Además, Ban sostuvo hoy una reunión con el ex mandatario cubano Fidel Castro y dijo estar «profundamente impresionado» por su espiritualidad y fortaleza física, así como «agradecido» por su liderazgo y visión.

Un día después de entrevistarse con el presidente cubano, Raúl Castro, y el vicepresidente Marino Murillo, dijo que había abordado la cuestión de los derechos humanos y pedido a la isla la ratificación de pactos internacionales en esa materia.

Agregó que habló con los funcionarios cubanos sobre la necesidad de jugar un papel más importante en el fortalecimiento de los derechos humanos, especialmente la libertad de reunión y asociación, y dijo no tener información precisa sobre las detenciones arbitrarias contra disidentes.

En los últimos días, la disidencia interna cubana ha denunciado una ola represiva, con decenas de detenciones temporales y arrestos domiciliarios, para impedir algunos foros y reuniones «paralelos» a la cumbre que grupos opositores habían convocado.

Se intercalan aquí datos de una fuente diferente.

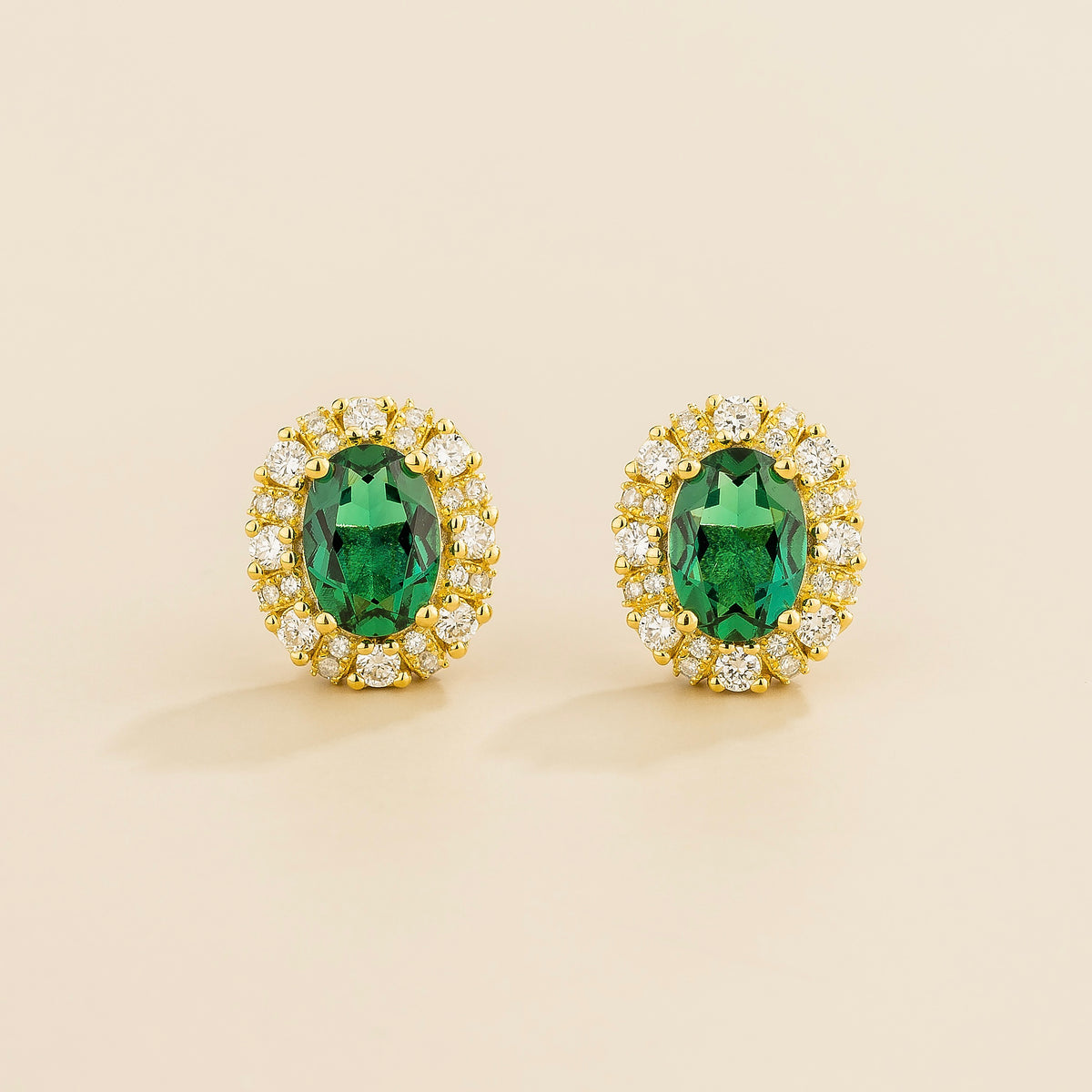 Viva oval lab-grown emerald and diamond halo stud earrings in gold | Juvetti London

El Gobierno de la isla considera a los disidentes «contrarrevolucionarios» y mercenarios al servicio de Estados Unidos.

La atención que ha acaparado Ban durante su visita a la isla contrasta con el papel discreto del titular de la Organización de Estados Americanos (OEA), pese al simbolismo de su presencia en Cuba.

En declaraciones a Efe, Insulza dijo hoy que le alegraría ver a Cuba de vuelta en la organización hemisférica, pero descartó que eso se vaya a producir a partir de su visita a la isla con motivo de la cumbre, a la que fue invitado, según La Habana, por «cortesía diplomática».

Confió en que su presencia en La Habana contribuya «a avanzar hasta el pleno cumplimiento de la Carta de la OEA», que dice que «todos los países independientes de América son miembros de la organización».

El ex ministro chileno, quien en 2009 promovió el levantamiento de la suspensión de Cuba como miembro del sistema interamericano en 1962, admitió que esta es la primera visita de un titular de la OEA a la isla «por lo menos desde 1959».

«Me alegra mucho de romper ese tabú porque creo que realmente es lo que nos conviene», dijo Insulza, si bien descartó que esta sea la oportunidad para conversar sobre el retorno de la isla a la OEA tras el levantamiento en 2009 de unas sanciones «bastante absurdas», de la época de la Guerra Fría, contra Cuba.

Ese año se «fijó un procedimiento a través del cual Cuba puede volver a la OEA cuando quiera, pero no se ha cumplido (…) por lo cual está eso pendiente», recordó.

La Habana ha dicho desde entonces que no volverá a un organismo que considera obsoleto y en el que, según Cuba, predominan los intereses de Estados Unidos.

En su discurso ante sus colegas de la región, el presidente de Ecuador, Rafael Correa, criticó el sistema interamericano al señalar las críticas que afronta por «sus inconsistencias, incoherencias y doble moral».

Se preguntó para qué sirve la OEA si «permite un descarado colonialismo al frente de nuestras costas, como es el caso de las Islas Malvinas» y «el criminal bloqueo a Cuba, que rompe toda la carta fundacional de la organización, el derecho internacional y los derechos humanos».

Además de Ban e Insulza, la cumbre cuenta con otros invitados internacionales como el secretario general Iberoamericano, Enrique Iglesias, y la secretaria ejecutiva de la Comisión Económica para América Latina y el Caribe (Cepal), Alicia Bárcena.